**Records for processing**.
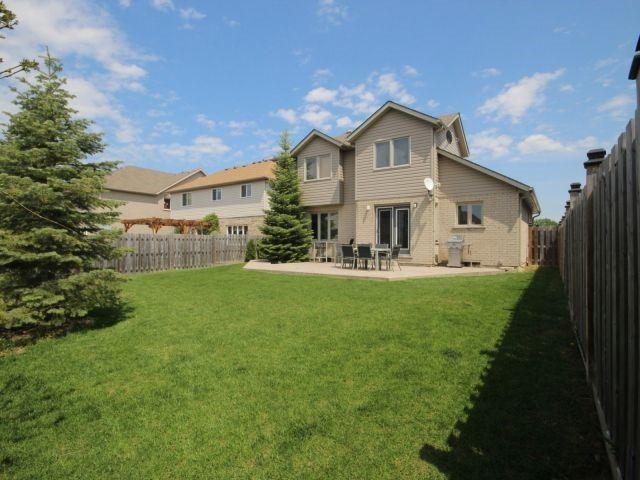 35 Agincourt Cres, House detached with 3 bedrooms, 3 bathrooms and 4 parking in St. Catharines ON | Image 12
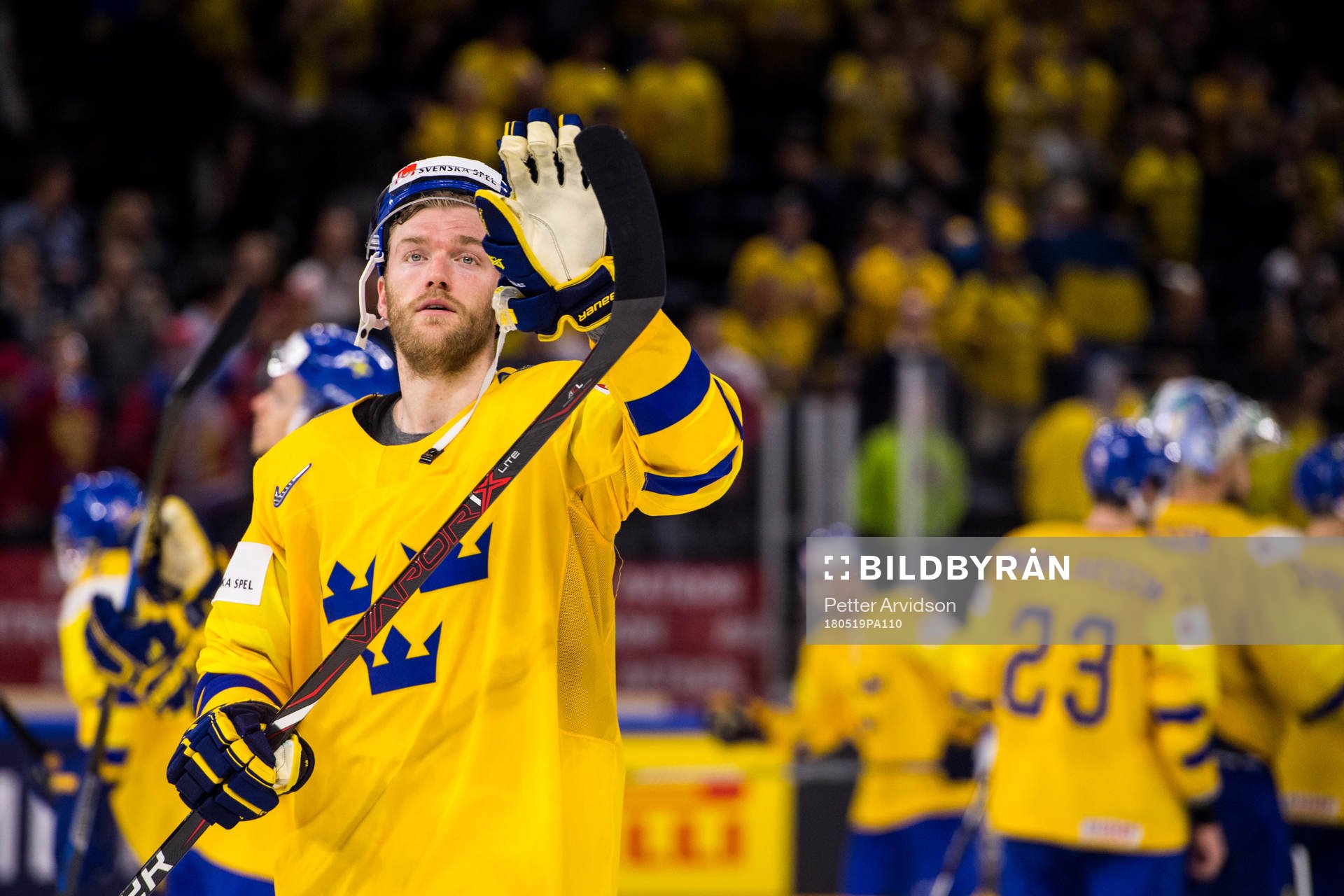 Sveriges Mattias Ekholm tackar publiken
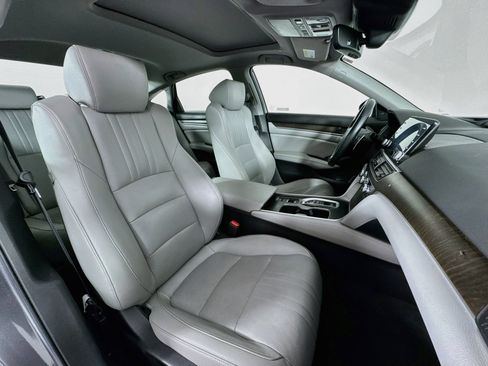 Certified 2019 Honda Accord Touring image 29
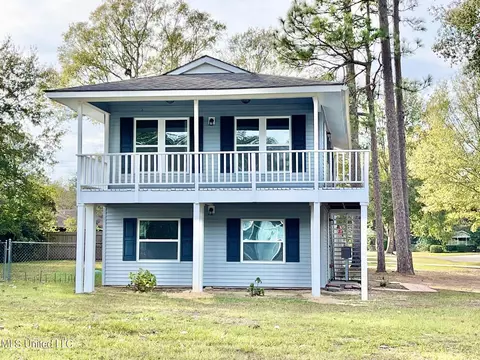 115 Millbrook Ln, Carriere, MS 39426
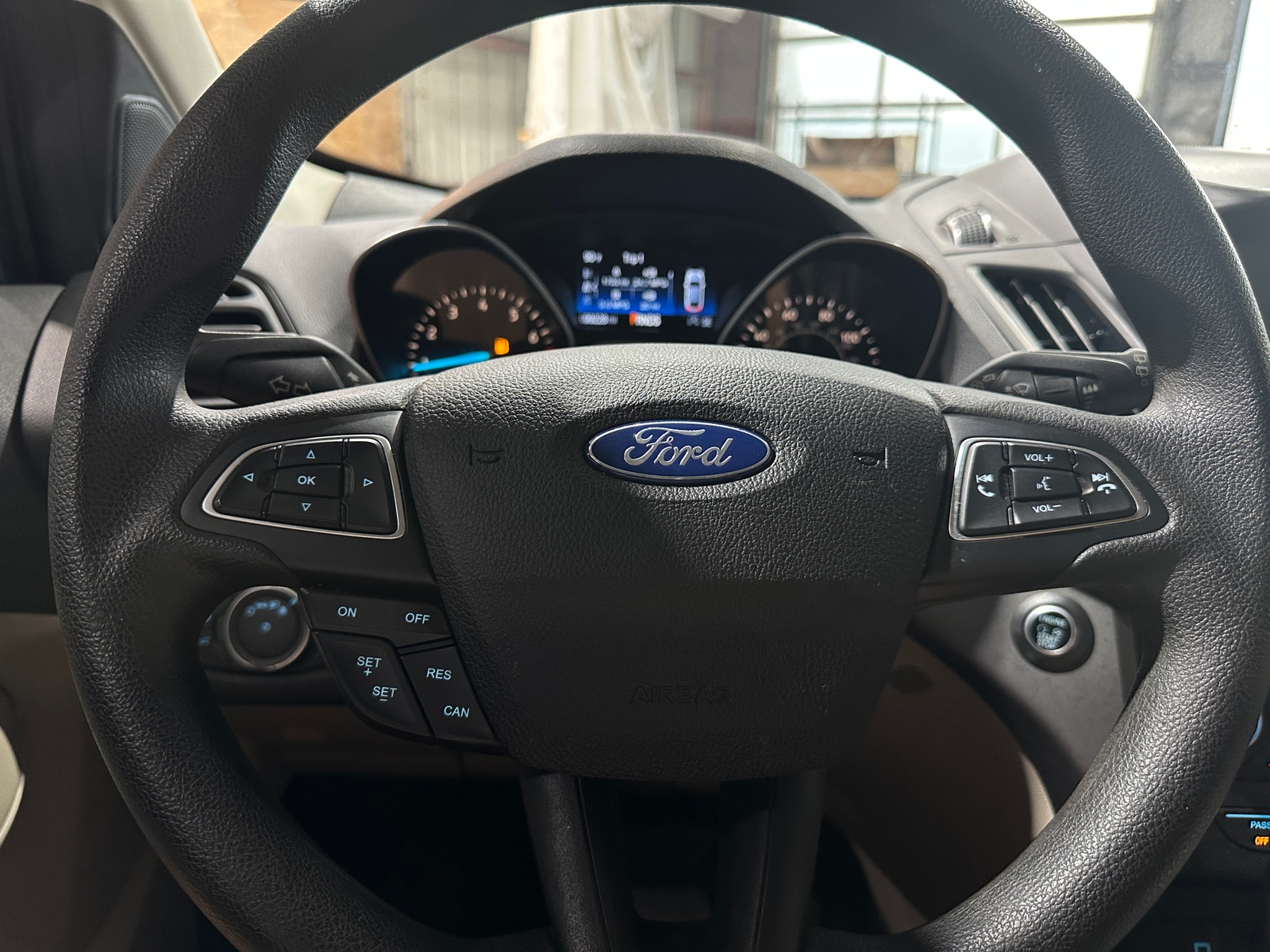 Thumbnail: 2019 Ford Escape - 5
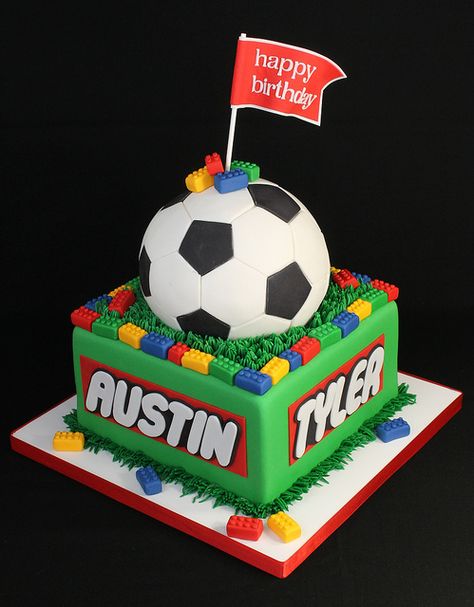 Soccer Lego Cake by cakeboxsoc, via Flickr What an ingenious way to compine the love for legos and a favorite sport. Lego Soccer, Sports Themed Cakes, Lego Birthday Cake, Soccer Cake, Soccer Birthday Parties, Sport Cakes, Football Cake, Soccer Birthday, Lego Cake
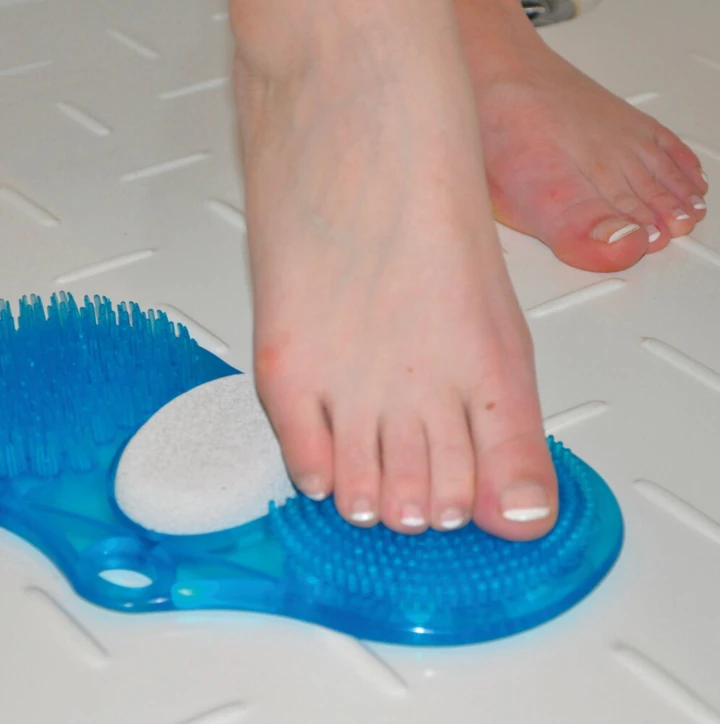 Brosse pour pieds avec pierre ponce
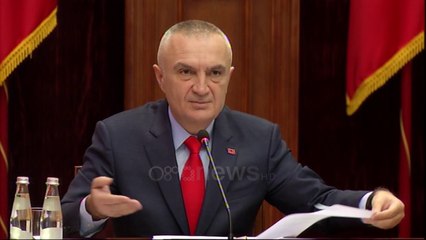 Ora News - "Deputetë dele që dhunojnë kushtetutën"! Momenti kur Presidenti Meta duartroket Dvoranin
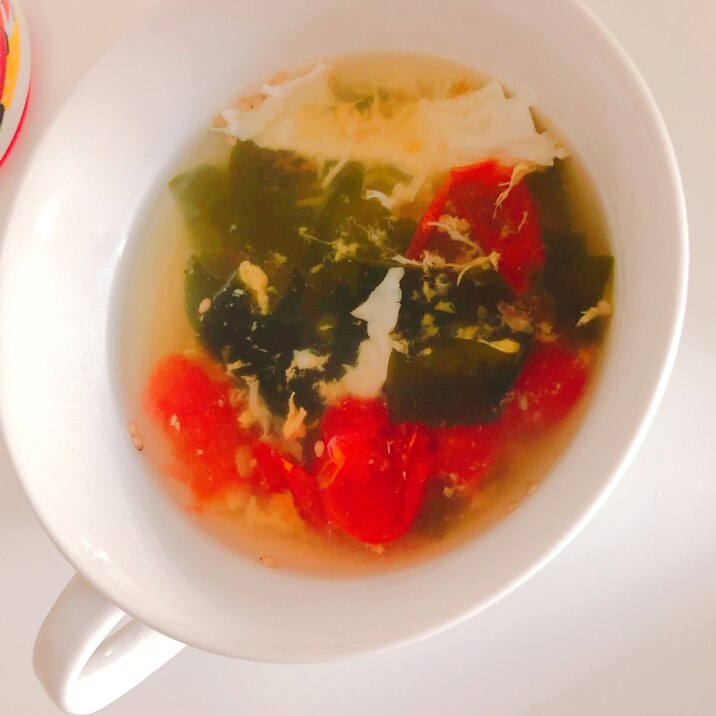 こどもに取り分け わかめとトマトの中華風スープ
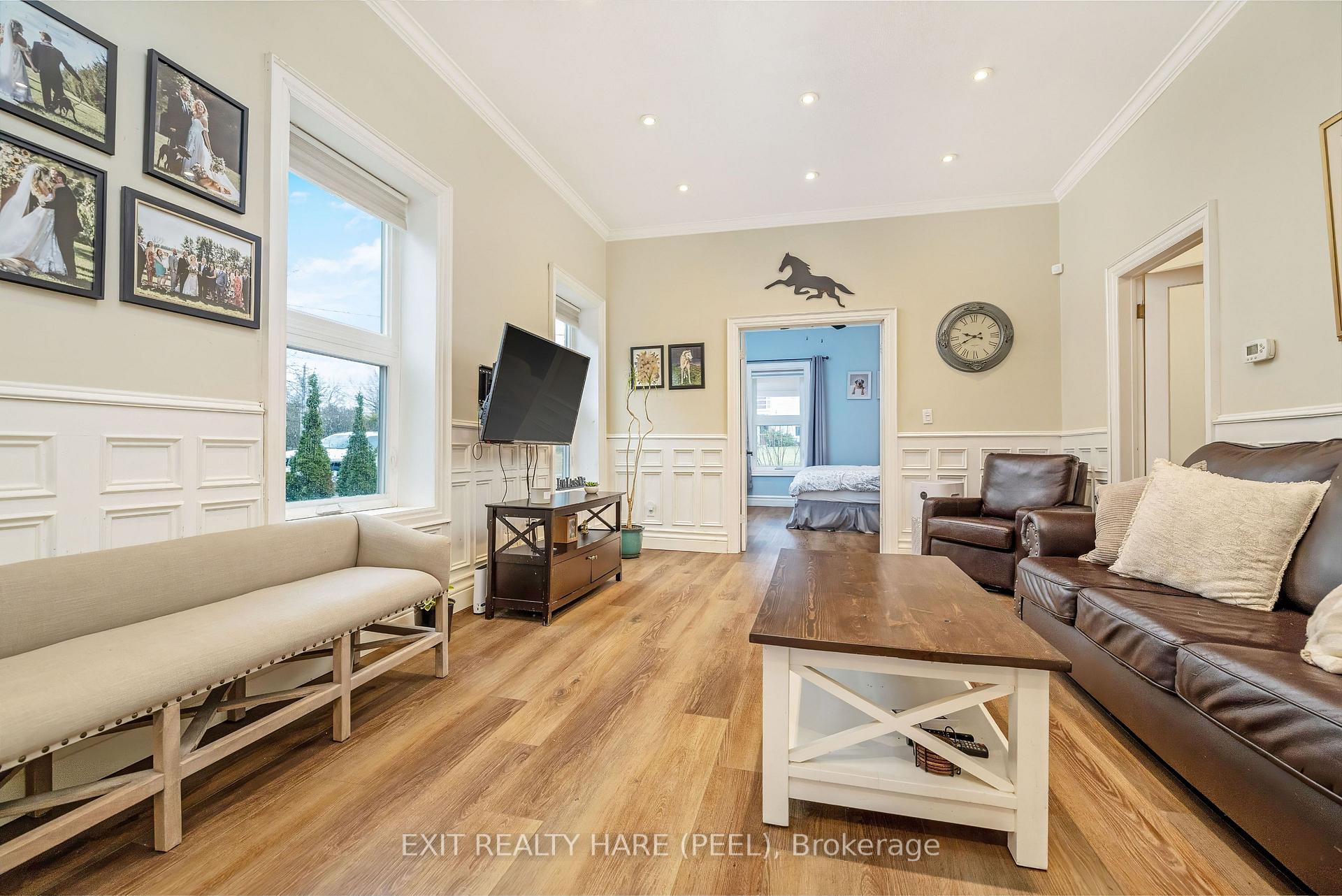 Photo 13 of 31 Brock Street, Halton Hills, Acton — HOMEH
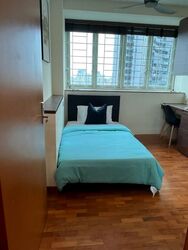 Queens (D3), Condominium #484245671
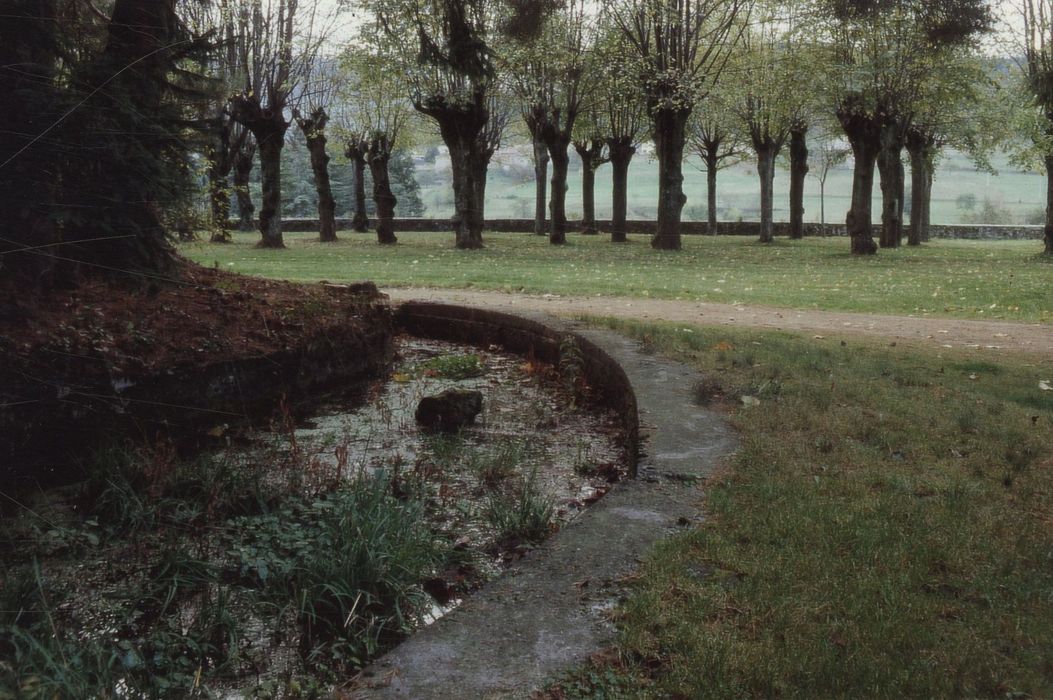 parc, adduction d’eau et bassin secondaire alimentant la cour des communs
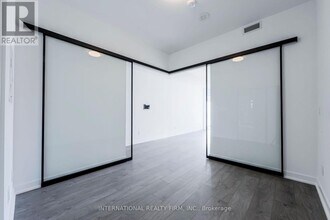 5-1015 Defries St in Toronto, ON - Building Photo - Building Photo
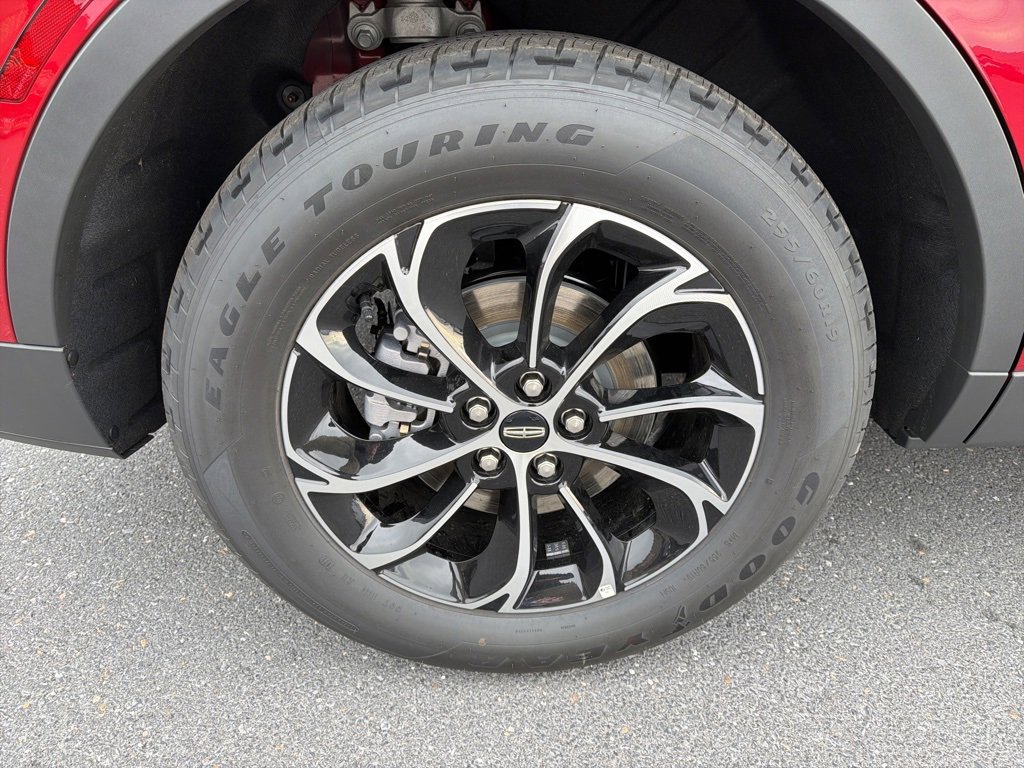 New 2026 Lincoln Nautilus Premier image 11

**What you have to do**. From the records above, give again only the part that opens with the line containing "Soccer Lego Cake" and closes with the line containing "Brosse pour pieds avec pierre ponce". Keep both ends but drop the pictures.

**Answer area**.
 Soccer Lego Cake by cakeboxsoc, via Flickr What an ingenious way to compine the love for legos and a favorite sport. Lego Soccer, Sports Themed Cakes, Lego Birthday Cake, Soccer Cake, Soccer Birthday Parties, Sport Cakes, Football Cake, Soccer Birthday, Lego Cake
 Brosse pour pieds avec pierre ponce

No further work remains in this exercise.